SOURCE DATA:
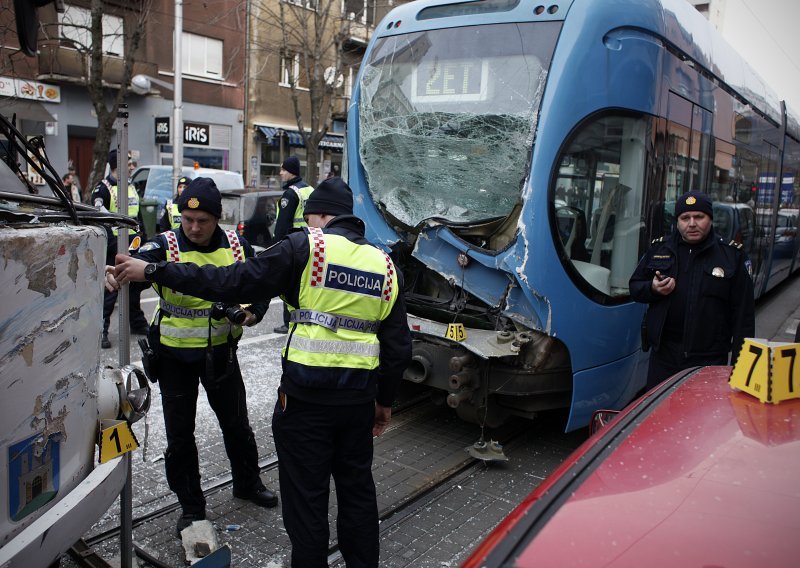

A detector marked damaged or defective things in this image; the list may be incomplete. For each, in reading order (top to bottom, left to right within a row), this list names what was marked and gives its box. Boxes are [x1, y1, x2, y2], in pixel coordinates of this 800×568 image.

cracked windshield [360, 22, 560, 226]
shattered glass on windshield [360, 20, 560, 229]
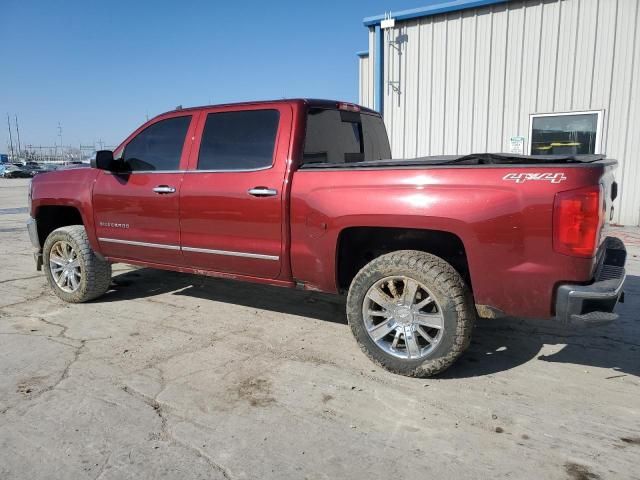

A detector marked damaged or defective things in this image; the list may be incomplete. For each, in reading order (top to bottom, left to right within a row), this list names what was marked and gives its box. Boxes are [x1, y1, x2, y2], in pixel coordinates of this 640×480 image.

cracked concrete [0, 180, 636, 480]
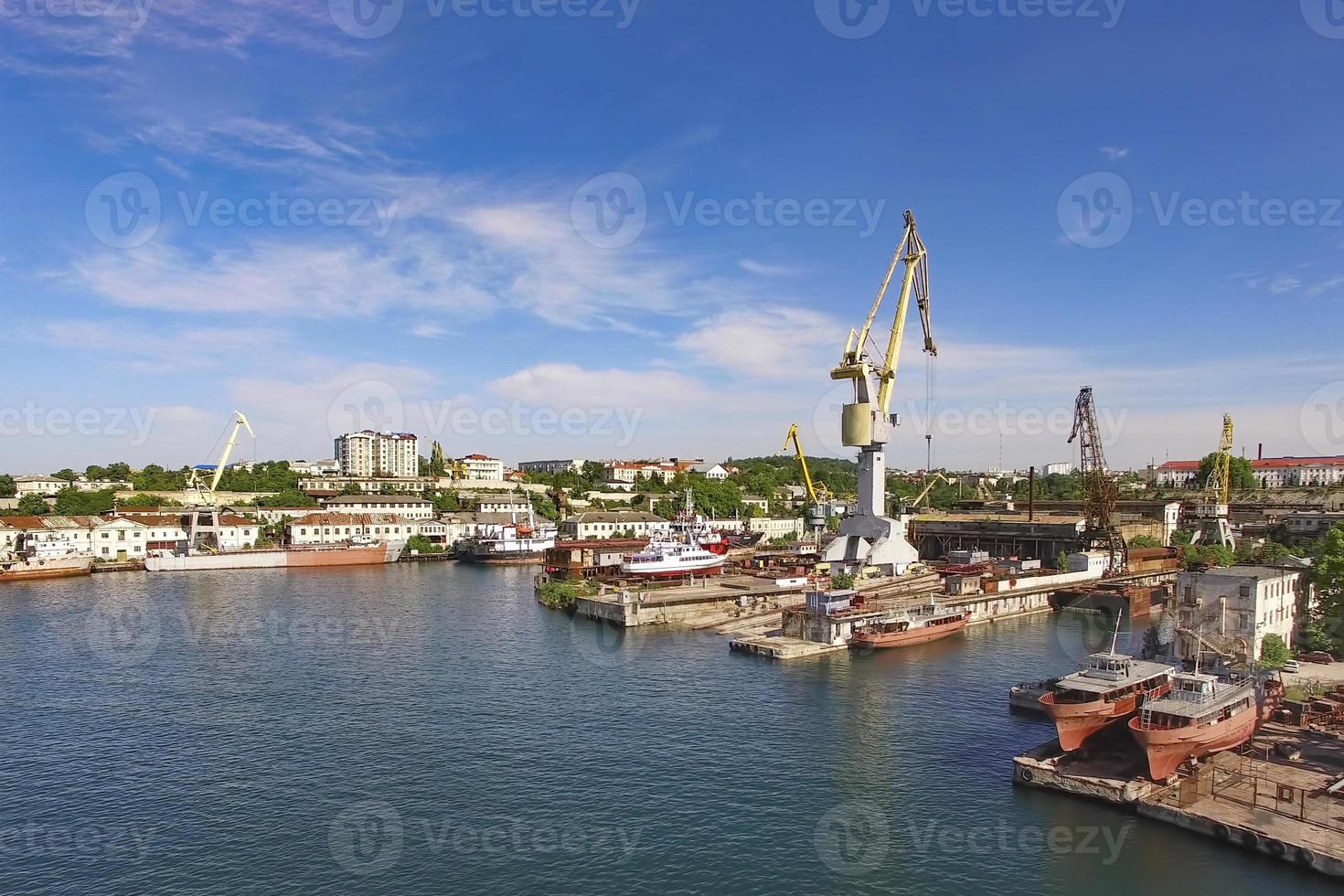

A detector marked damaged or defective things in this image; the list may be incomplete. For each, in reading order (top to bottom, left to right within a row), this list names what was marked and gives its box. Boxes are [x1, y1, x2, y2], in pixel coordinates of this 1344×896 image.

rusty lattice crane [1070, 387, 1123, 574]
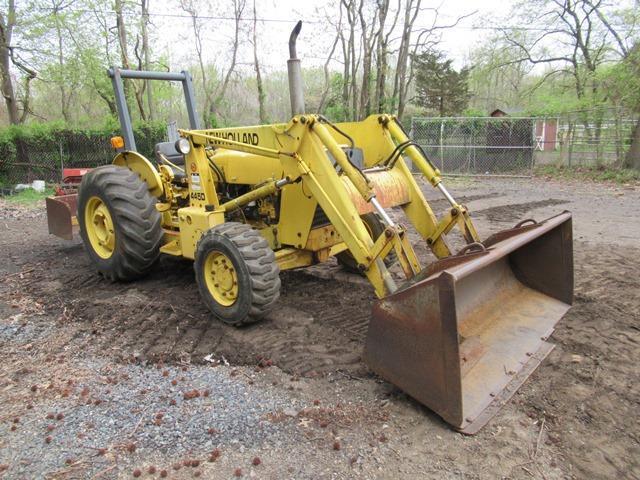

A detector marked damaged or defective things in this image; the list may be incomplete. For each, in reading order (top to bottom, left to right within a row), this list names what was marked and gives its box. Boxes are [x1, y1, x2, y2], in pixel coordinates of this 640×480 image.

rusty bucket [45, 193, 78, 240]
rusty bucket [364, 212, 576, 434]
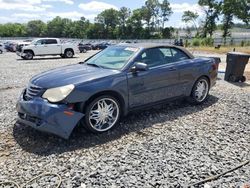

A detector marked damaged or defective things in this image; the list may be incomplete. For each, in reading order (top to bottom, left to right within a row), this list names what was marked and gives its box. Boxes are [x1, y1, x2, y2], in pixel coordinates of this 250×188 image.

damaged front bumper [16, 92, 85, 139]
front bumper damage [16, 92, 85, 139]
detached bumper piece [17, 94, 85, 140]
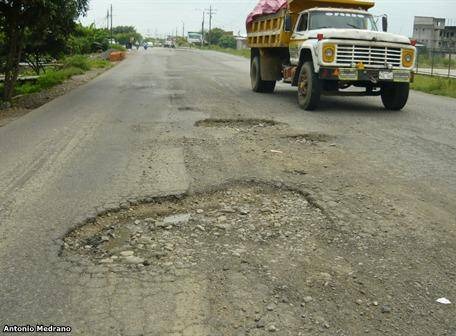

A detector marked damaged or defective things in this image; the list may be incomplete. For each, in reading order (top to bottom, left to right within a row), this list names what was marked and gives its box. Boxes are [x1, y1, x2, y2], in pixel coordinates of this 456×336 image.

large pothole [63, 181, 328, 270]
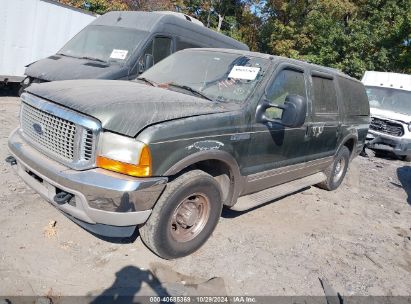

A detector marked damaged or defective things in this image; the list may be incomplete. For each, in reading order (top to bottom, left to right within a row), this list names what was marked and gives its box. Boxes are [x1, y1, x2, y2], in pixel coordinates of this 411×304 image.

damaged body panel [7, 48, 370, 258]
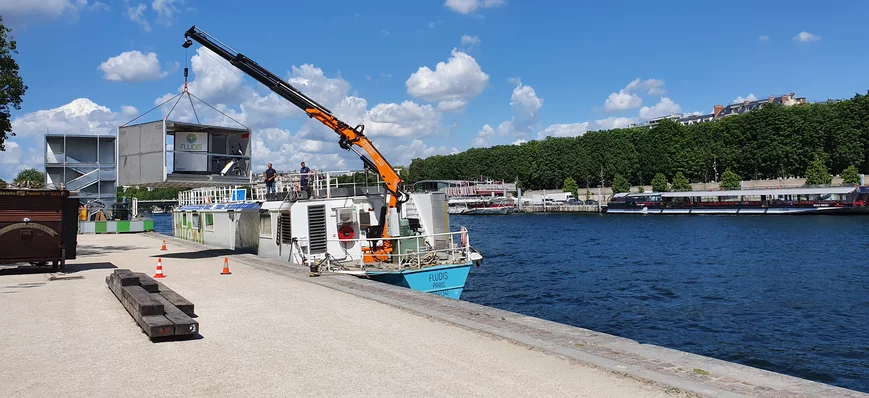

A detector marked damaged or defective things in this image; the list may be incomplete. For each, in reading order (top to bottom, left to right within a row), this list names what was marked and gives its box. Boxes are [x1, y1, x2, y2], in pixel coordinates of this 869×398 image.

rusty metal container [0, 188, 78, 268]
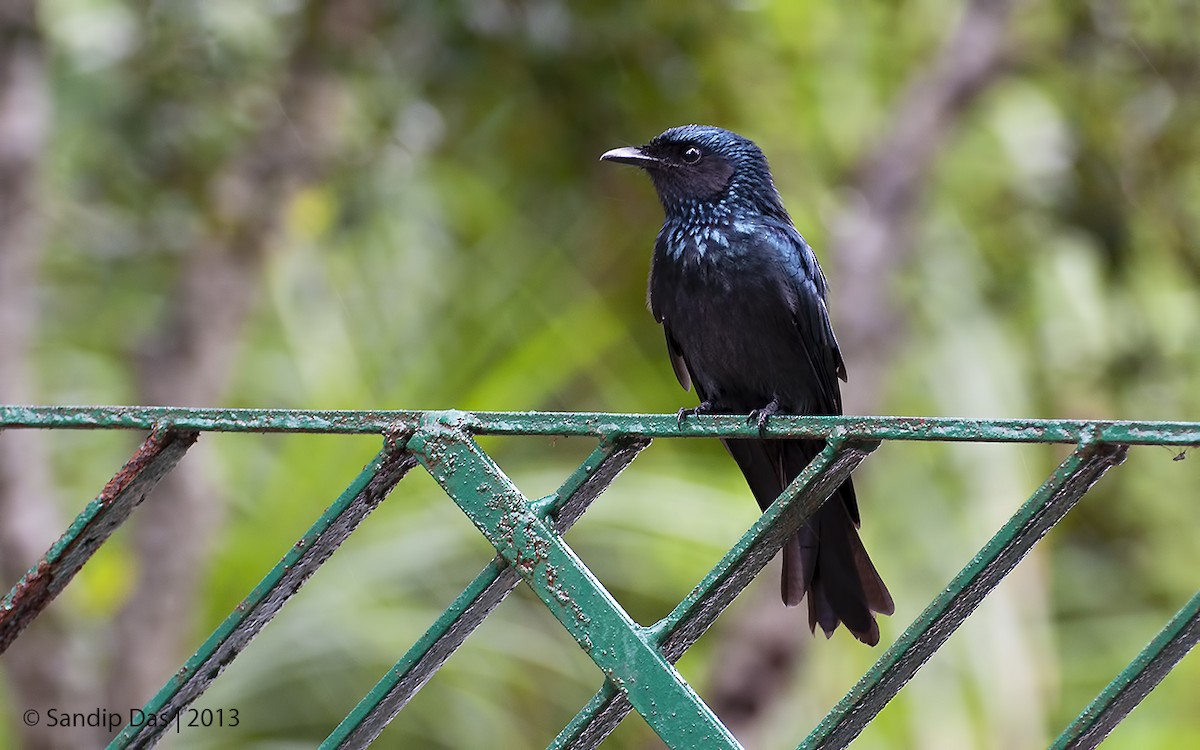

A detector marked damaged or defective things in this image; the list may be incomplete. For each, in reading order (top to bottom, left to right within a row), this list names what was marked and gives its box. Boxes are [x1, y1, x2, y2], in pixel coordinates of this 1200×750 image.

rusty fence rail [2, 408, 1200, 748]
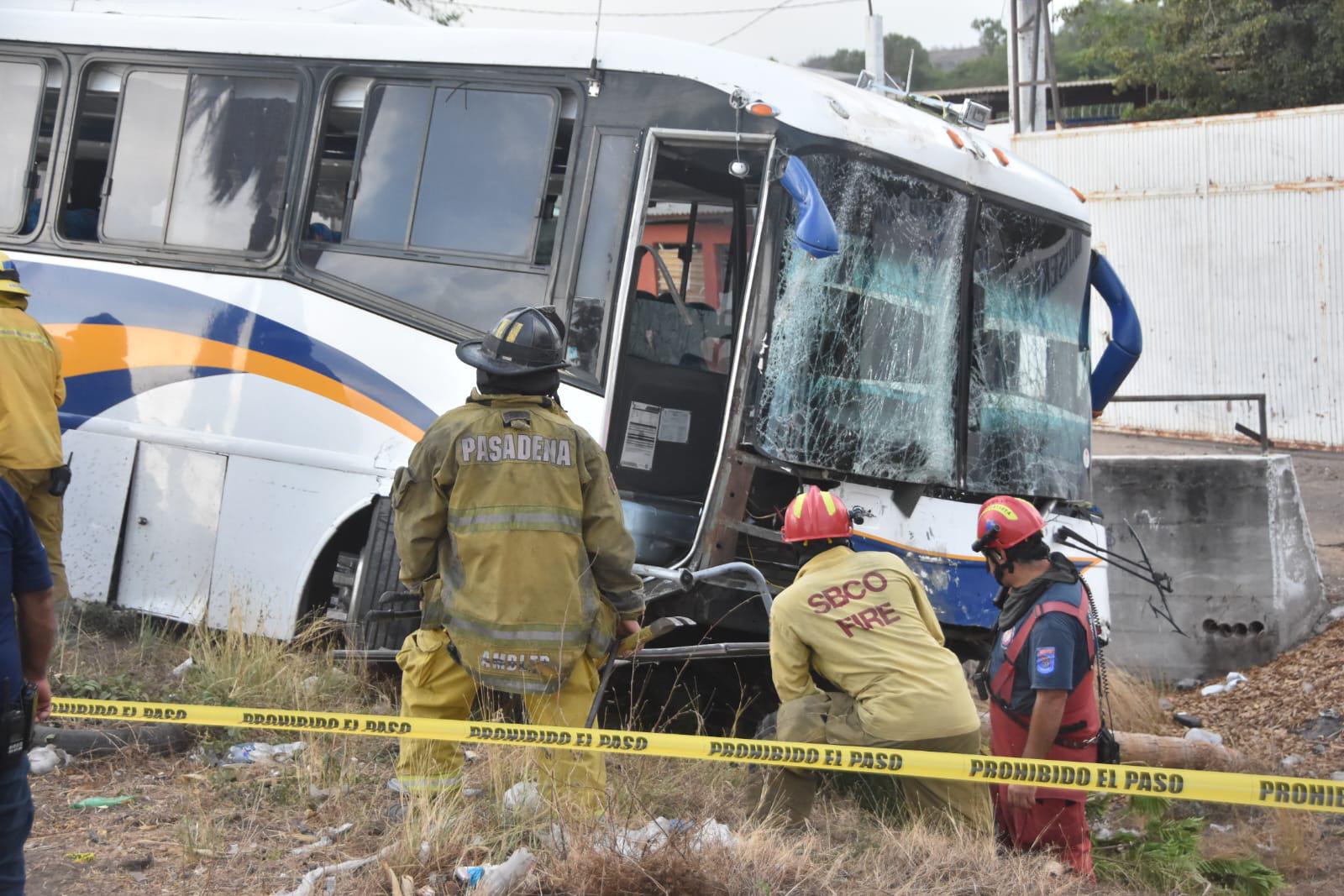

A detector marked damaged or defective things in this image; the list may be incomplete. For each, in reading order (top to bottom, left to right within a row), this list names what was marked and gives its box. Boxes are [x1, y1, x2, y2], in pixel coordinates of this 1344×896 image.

crashed bus [0, 3, 1142, 658]
shattered windshield [756, 154, 968, 480]
shattered windshield [968, 201, 1089, 497]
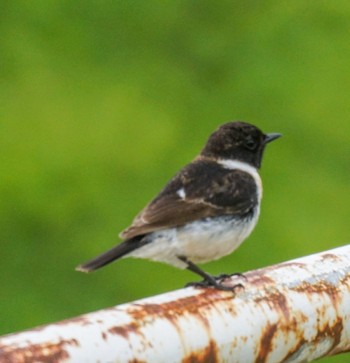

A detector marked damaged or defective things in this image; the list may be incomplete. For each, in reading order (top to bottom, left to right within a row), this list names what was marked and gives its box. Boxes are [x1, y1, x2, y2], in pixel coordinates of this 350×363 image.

rusty metal pipe [0, 245, 350, 363]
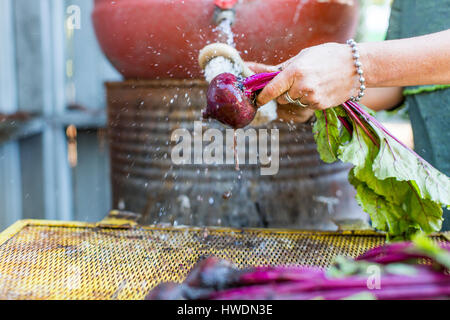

WHAT IS NEEDED:
Please leave out the pictures while you copy exactly the lines from the one containing "this 350×363 image." through the end of the records.

EXERCISE RESULT:
A detector marked damaged or defective things in this image; the list may be incomplete. For each, in reading order (top to bottom, left to right within a row), this list names what was marked and gives its box. Boxes are [x1, y1, x2, y2], in pixel coordinates of this 350×363 image.

rusty metal pipe [0, 245, 350, 363]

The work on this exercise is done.